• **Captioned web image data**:
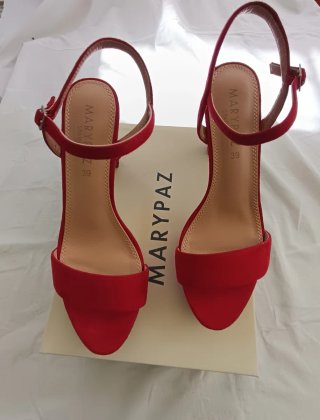 Zapatos de tacón rojos para mujer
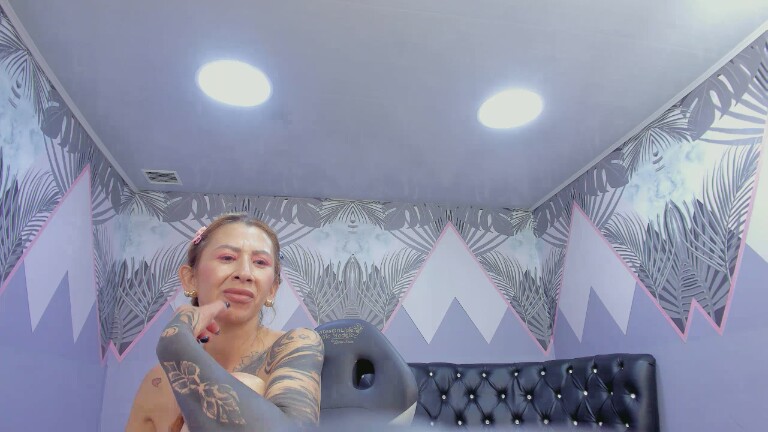 Ladyy_Scarlett's Streamate show and profile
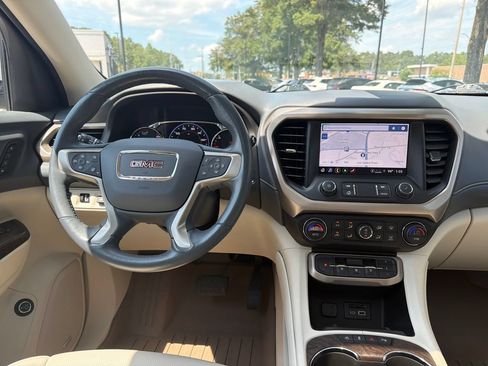 Used 2021 GMC Acadia Denali w/ Denali Technology Package FWD image 19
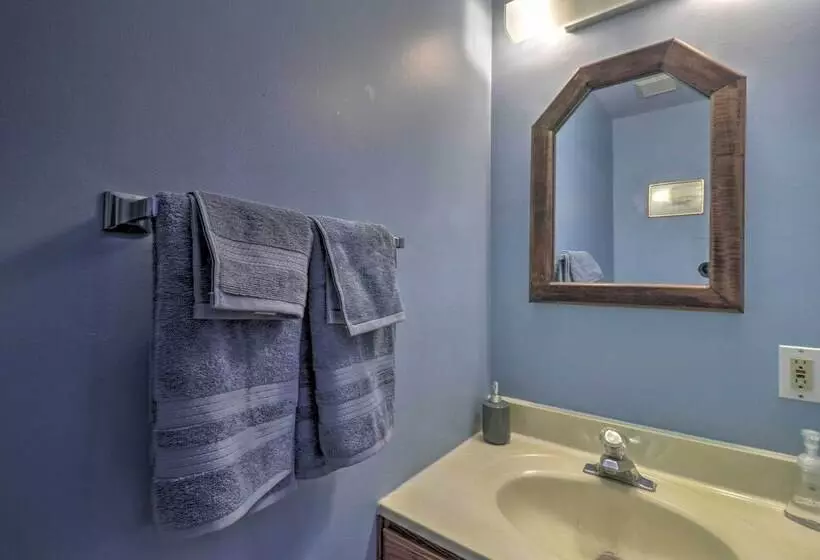 Cozy Rixeyville Cottage W/ Deck, Grill, & Stabling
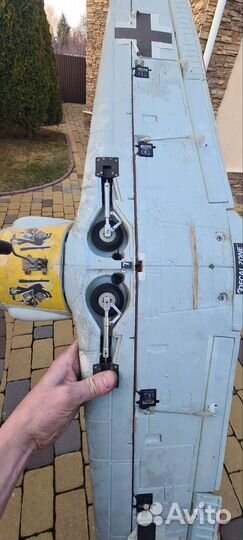 Радиоуправляемый самолет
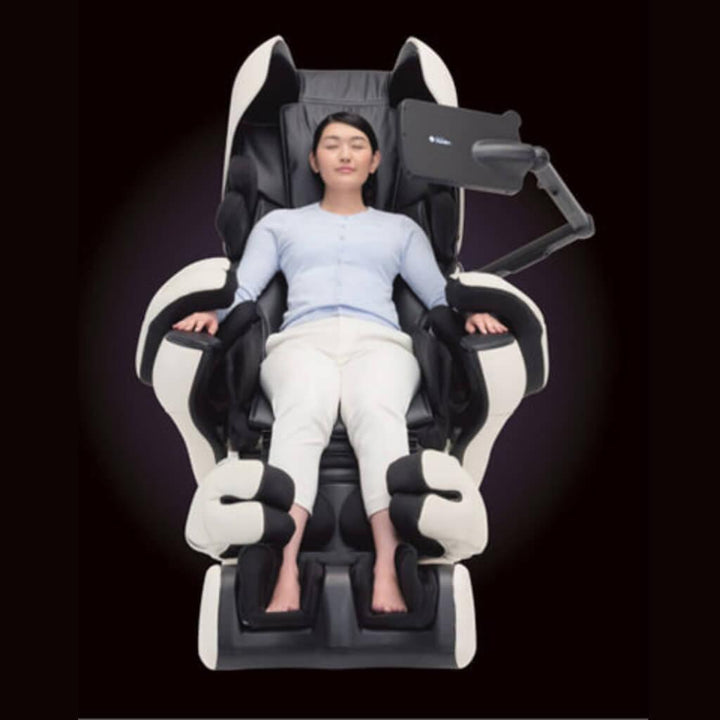 Inada Robo Massage Chair | Facial Recognition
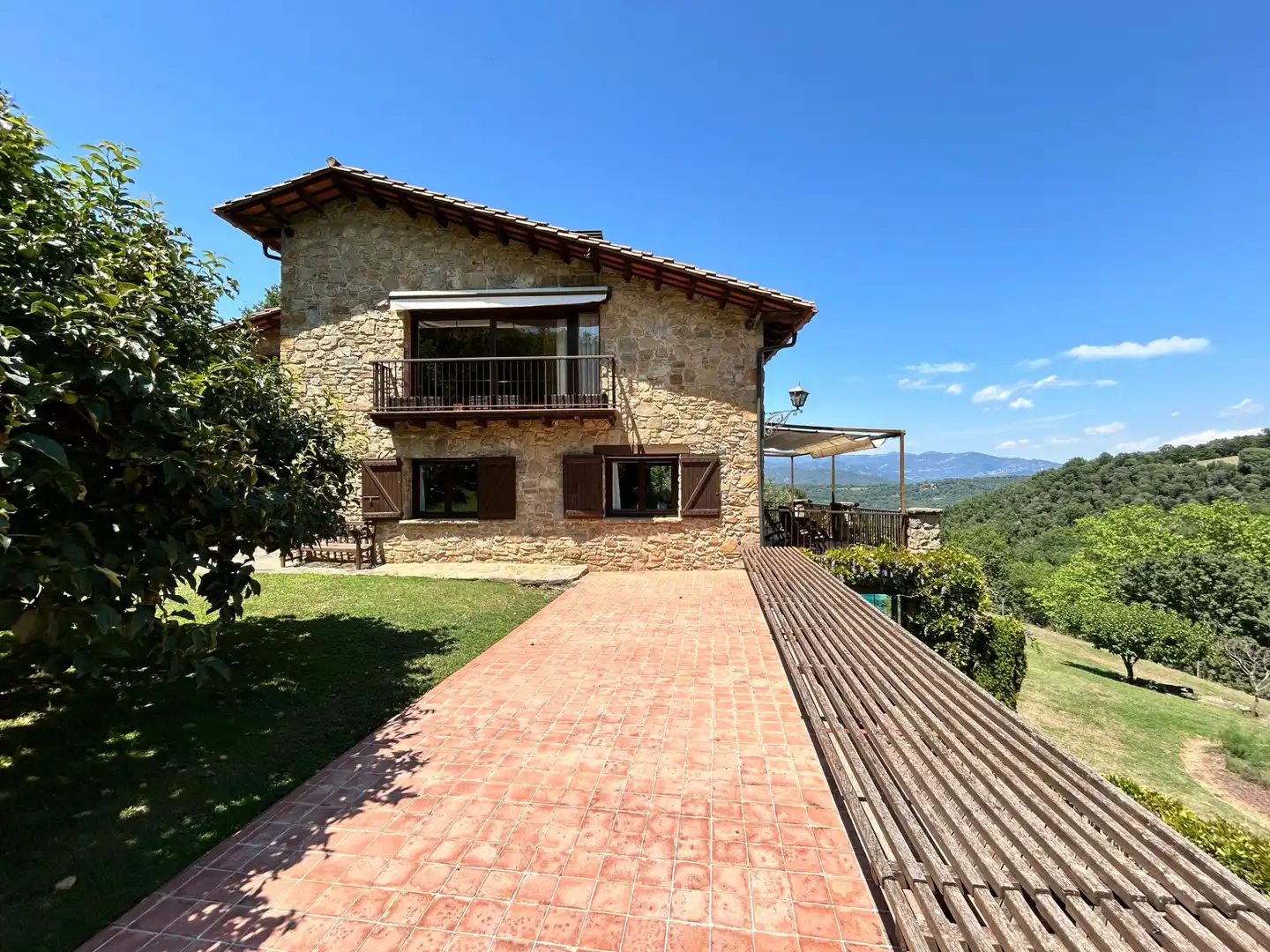 Vista exterior de Casa o chalet en venta en Sant Joan Les Fonts con Aire acondicionado, Calefacción y Parquet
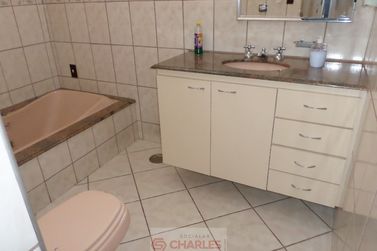 Casa &agrave; venda - 224m&sup2; - Centro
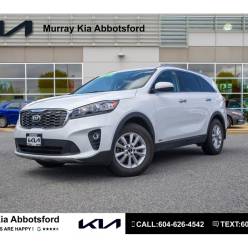 2019 Kia Sorento EX! 4 cylinder! 7 Seats! Leather! 1 owner! Nav!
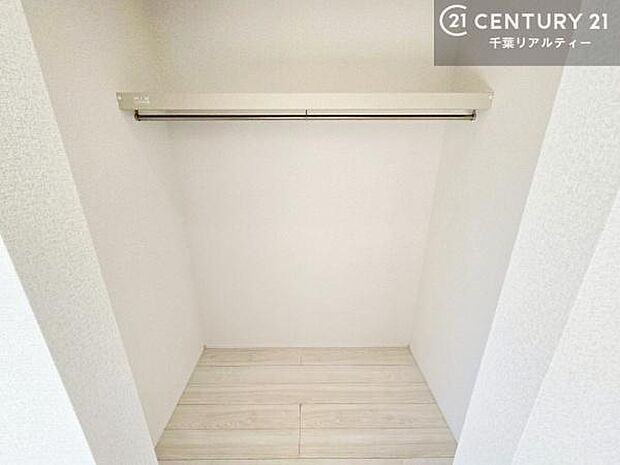 ウォークインクローゼット付きです。たくさんのお洋服などを収納しておけそうですね!他にも扇風機や加湿器など季節物の大きな家電も収納できます!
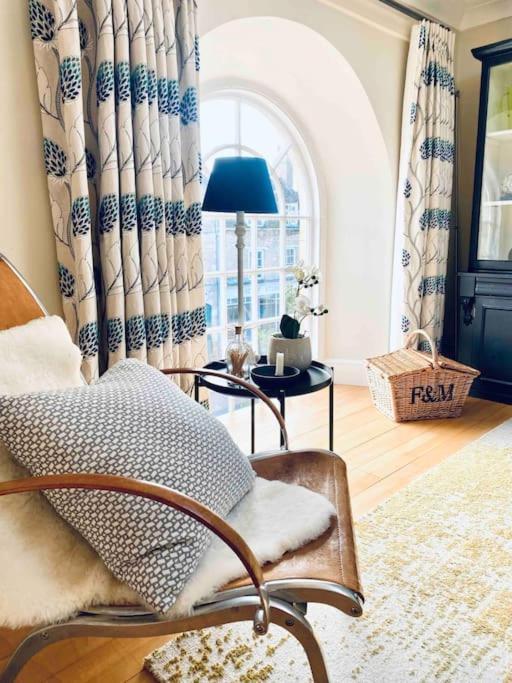 3 Bedroom Converted Chapel In Historic Oundle Esterno foto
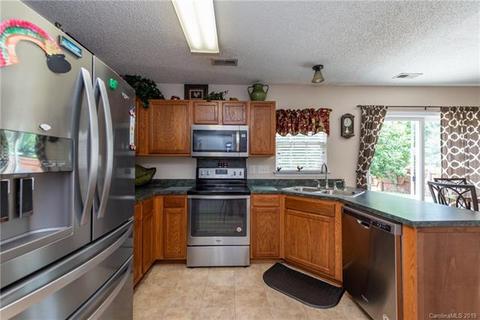 3440 Fairmeadow Dr, Lancaster, SC 29720 photo 11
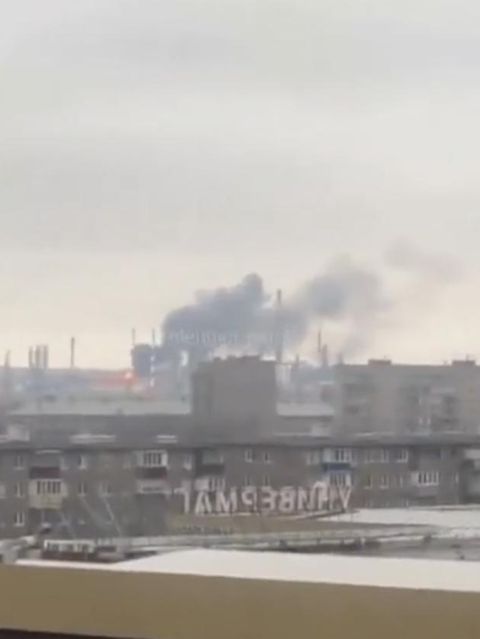 Ukraine greift primäre Ölraffinerie an – 1500 Kilometer von Grenze entfernt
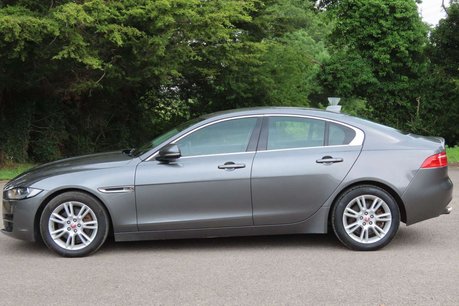 Jaguar XE 2.0d Prestige Auto Euro 6 (s/s) 4dr 6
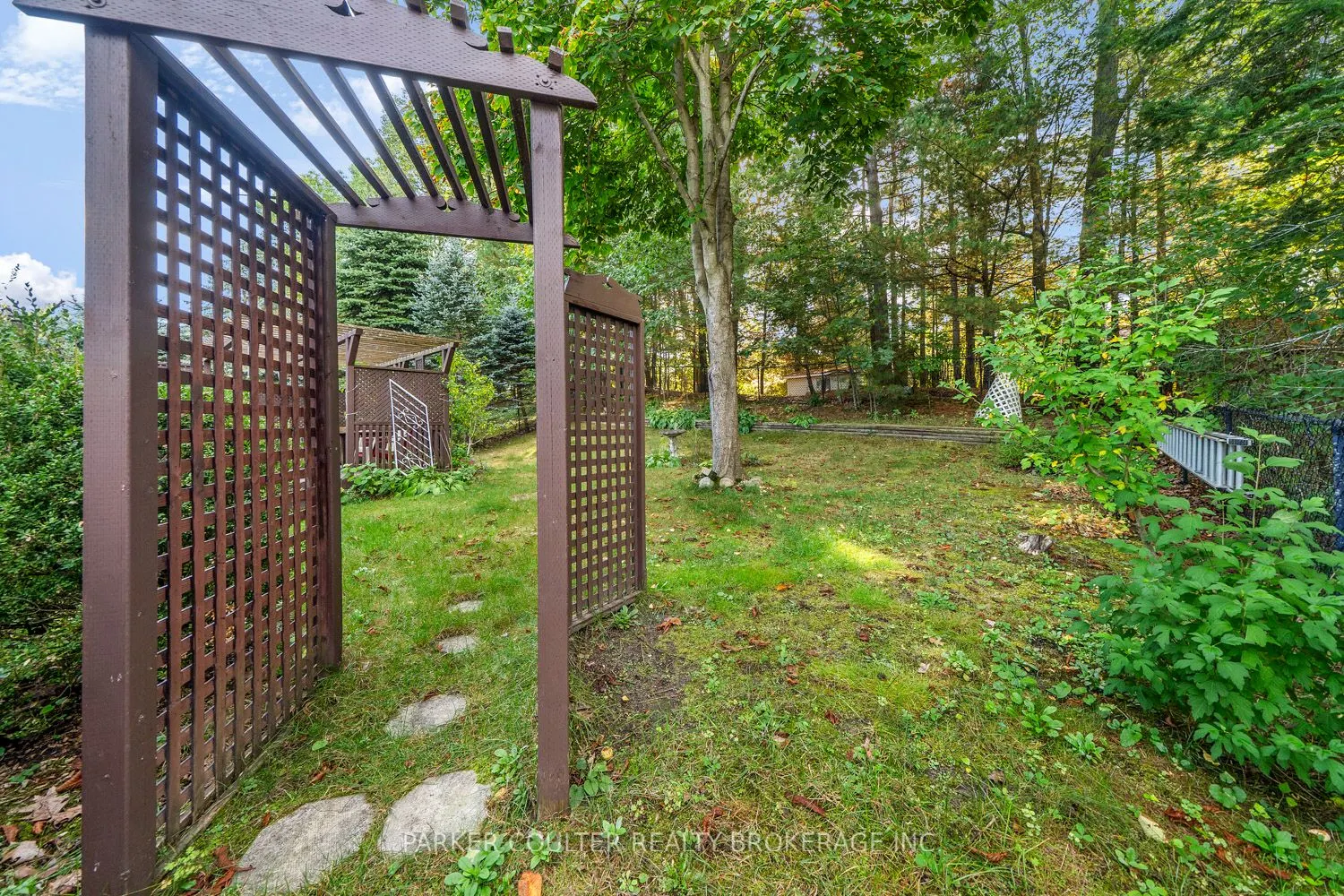 73 Timberland Crescent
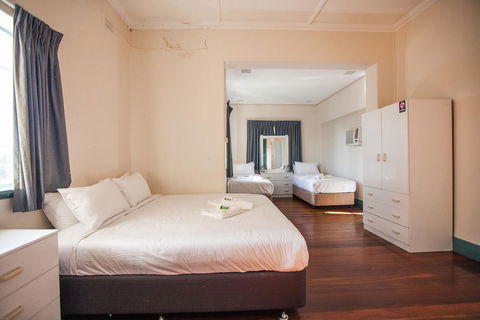 Captain Stirling Hotel - Accommodation in Bendigo 2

• **EXERCISE OBJECTIVE**:
Look above for the line with "3 Bedroom Converted" and copy exactly from it through the line with "73 Timberland Crescent", both included. Omit the pictures.

• **WRITTEN ANSWER**:
 3 Bedroom Converted Chapel In Historic Oundle Esterno foto
 3440 Fairmeadow Dr, Lancaster, SC 29720 photo 11
 Ukraine greift primäre Ölraffinerie an – 1500 Kilometer von Grenze entfernt
 Jaguar XE 2.0d Prestige Auto Euro 6 (s/s) 4dr 6
 73 Timberland Crescent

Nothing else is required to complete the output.